**TASK DETAILS**
Could the data below be copied exactly, minus the pictures?

**COLLECTED MATERIAL**
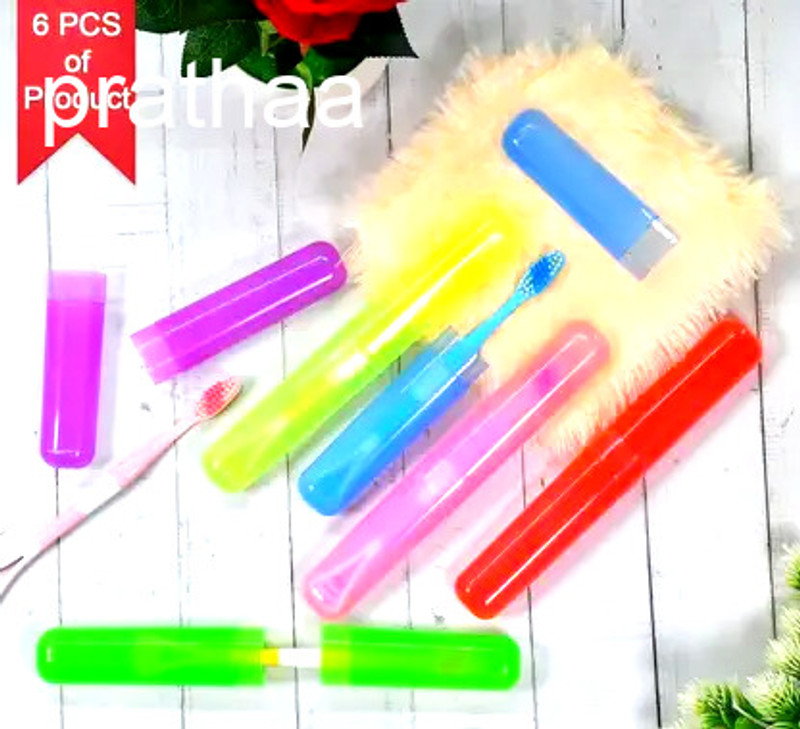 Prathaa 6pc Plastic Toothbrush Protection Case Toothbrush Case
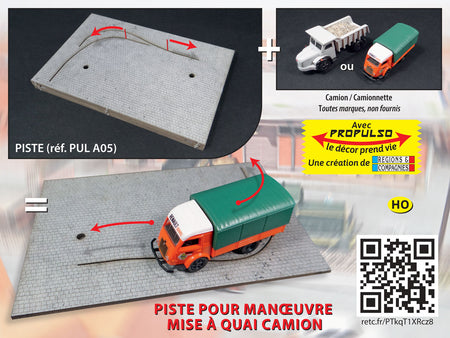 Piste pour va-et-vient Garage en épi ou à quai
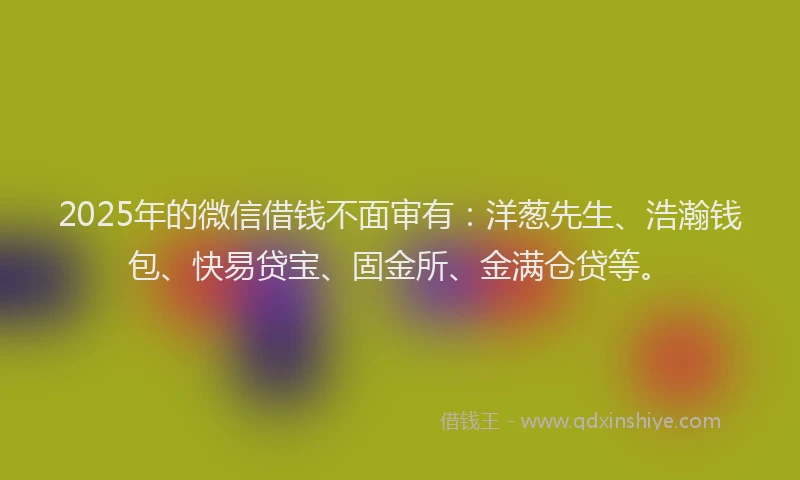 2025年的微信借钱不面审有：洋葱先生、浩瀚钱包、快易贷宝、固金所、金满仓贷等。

**OUTPUT FOR THIS EXERCISE**
 Prathaa 6pc Plastic Toothbrush Protection Case Toothbrush Case
 Piste pour va-et-vient Garage en épi ou à quai
 2025年的微信借钱不面审有：洋葱先生、浩瀚钱包、快易贷宝、固金所、金满仓贷等。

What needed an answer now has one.